■ **Work task**:
Nothing outside the range is to be copied. From the entries below, reproduce exactly the lines starting at the one with "Conor Shaughnessy suffered" and ending at the one with "Max Mara Leisure", without pictures.

■ **Exercise materials**:

*****

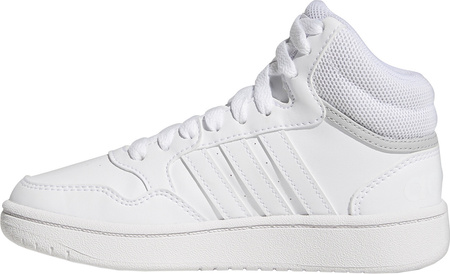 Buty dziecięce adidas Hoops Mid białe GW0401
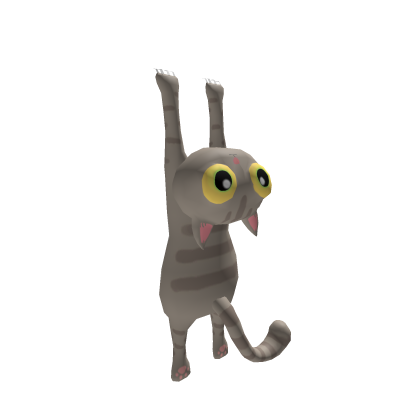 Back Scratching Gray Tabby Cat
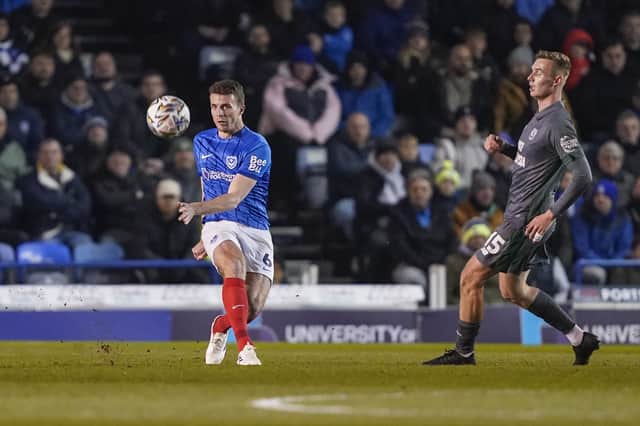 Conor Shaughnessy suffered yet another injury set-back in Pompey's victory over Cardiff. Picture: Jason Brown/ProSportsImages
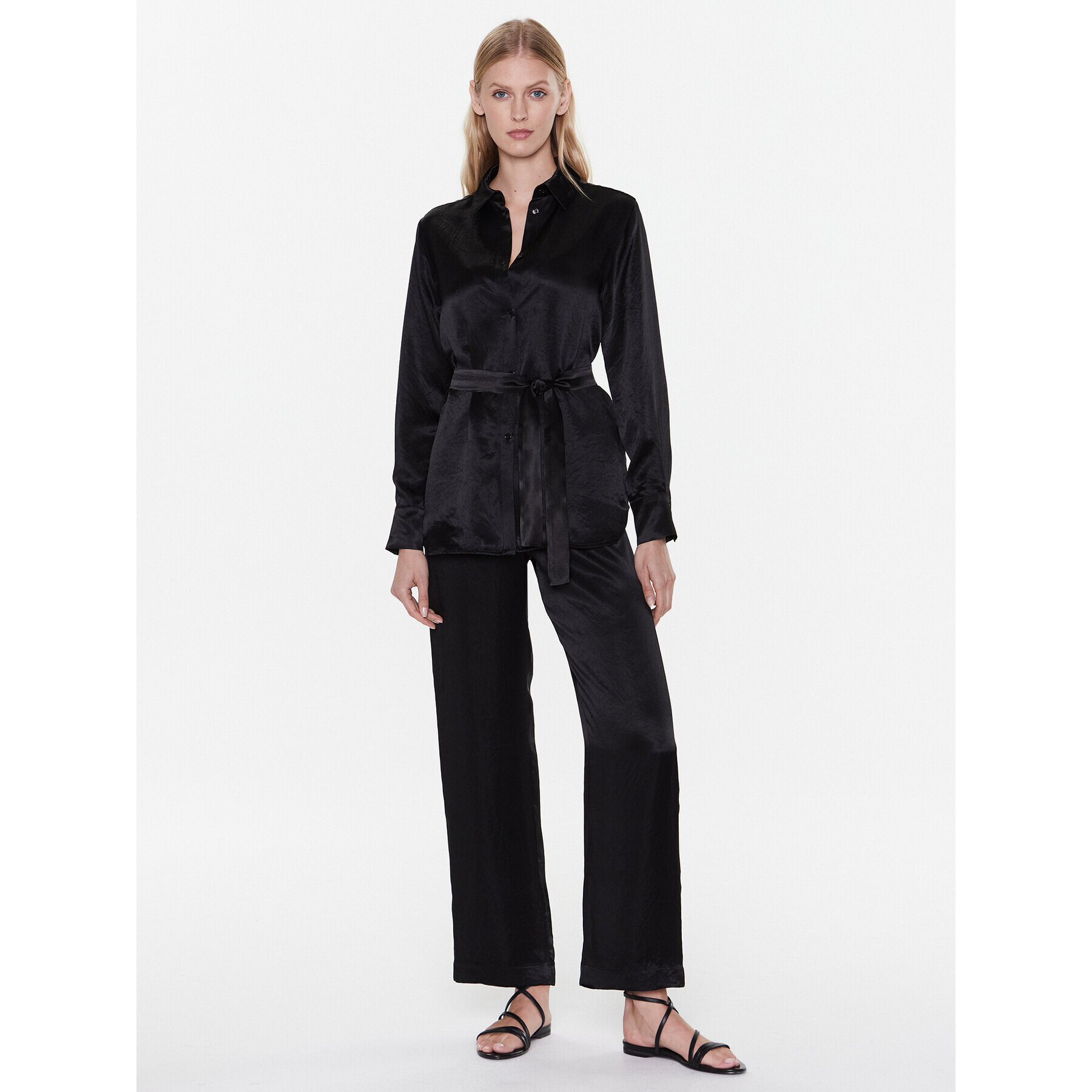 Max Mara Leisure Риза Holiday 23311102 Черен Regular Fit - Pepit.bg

*****

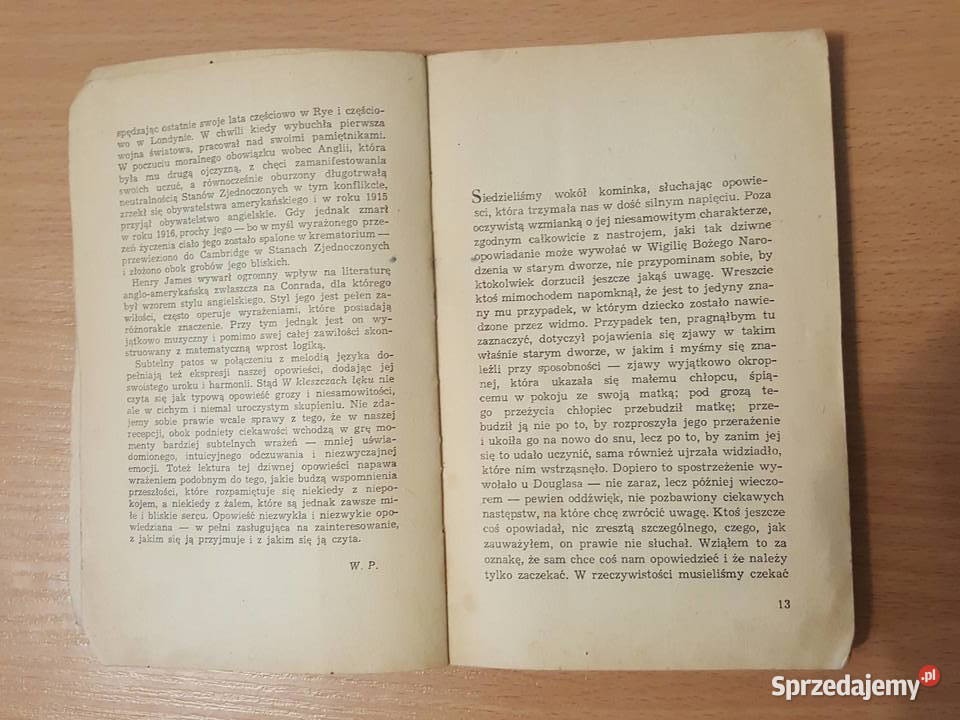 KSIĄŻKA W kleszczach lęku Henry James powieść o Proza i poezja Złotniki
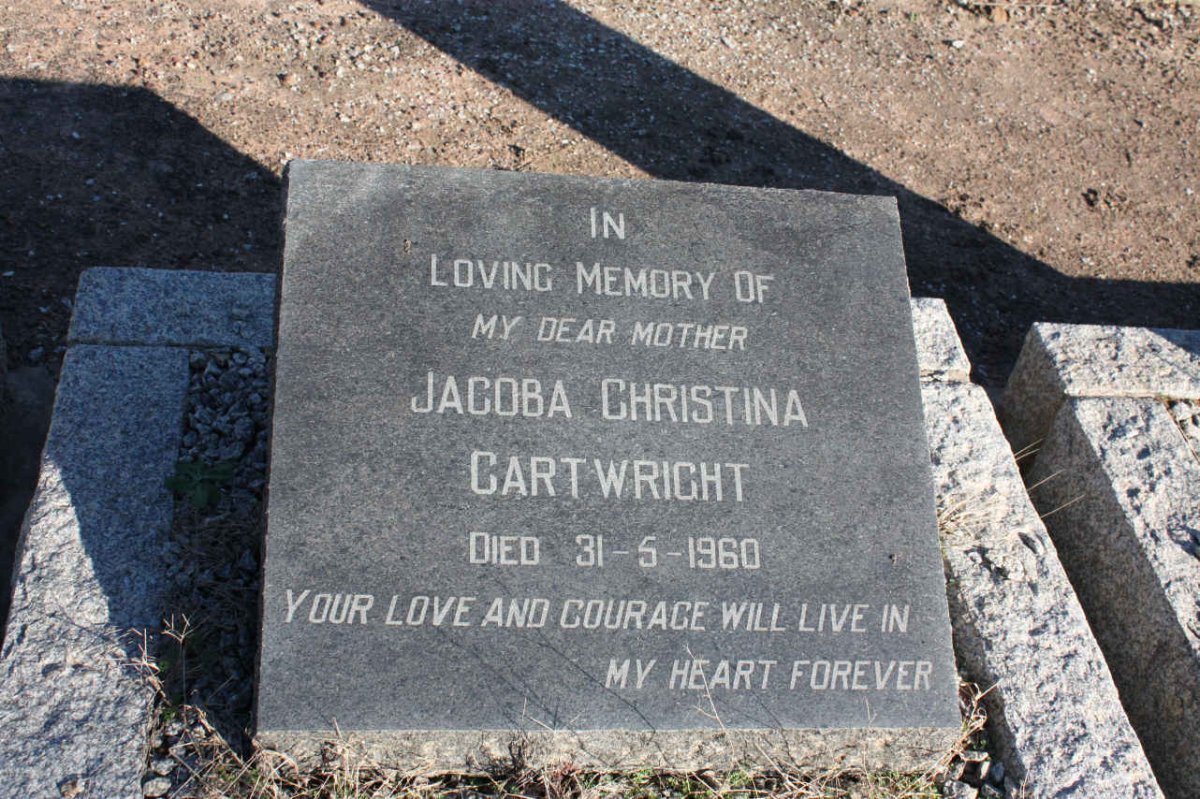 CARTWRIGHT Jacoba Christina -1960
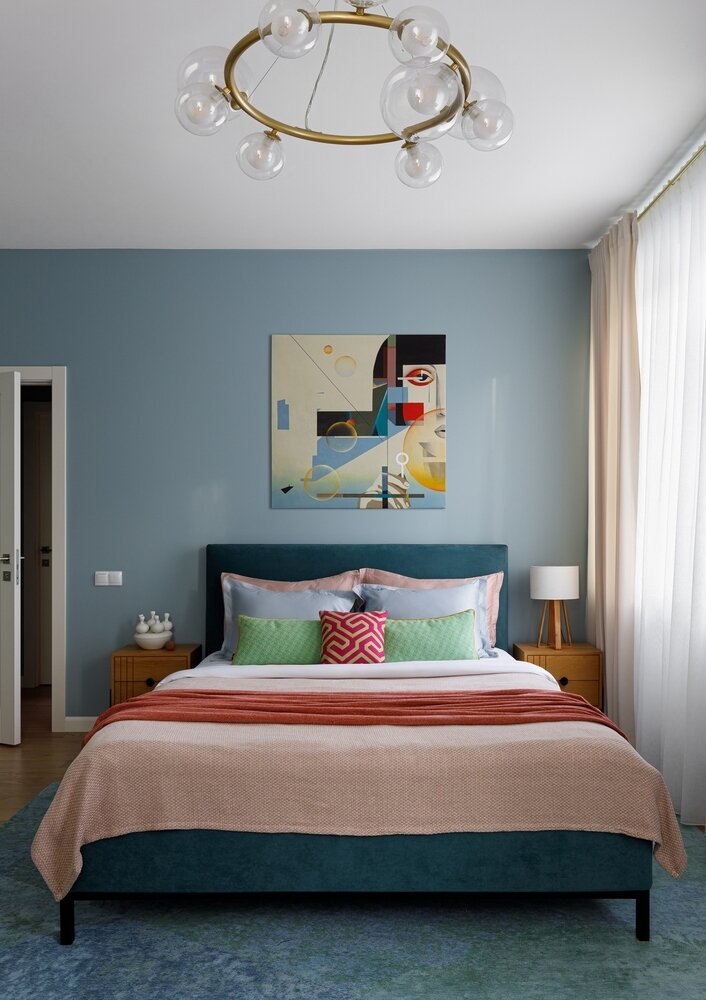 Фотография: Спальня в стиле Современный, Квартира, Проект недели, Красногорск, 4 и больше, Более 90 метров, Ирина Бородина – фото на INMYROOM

*****

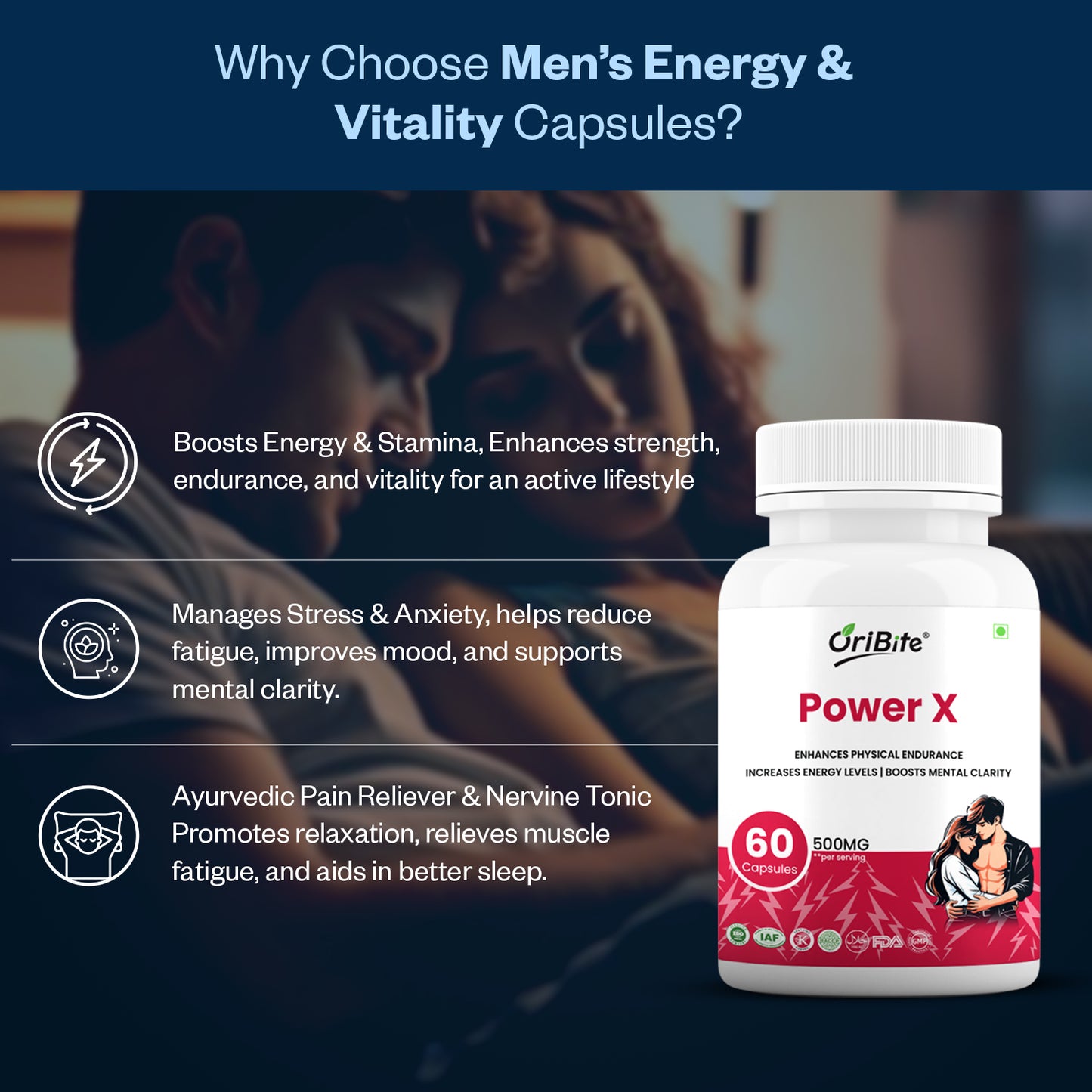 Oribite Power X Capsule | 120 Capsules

*****

■ **Response to the exercise**:
 Conor Shaughnessy suffered yet another injury set-back in Pompey's victory over Cardiff. Picture: Jason Brown/ProSportsImages
 Max Mara Leisure Риза Holiday 23311102 Черен Regular Fit - Pepit.bg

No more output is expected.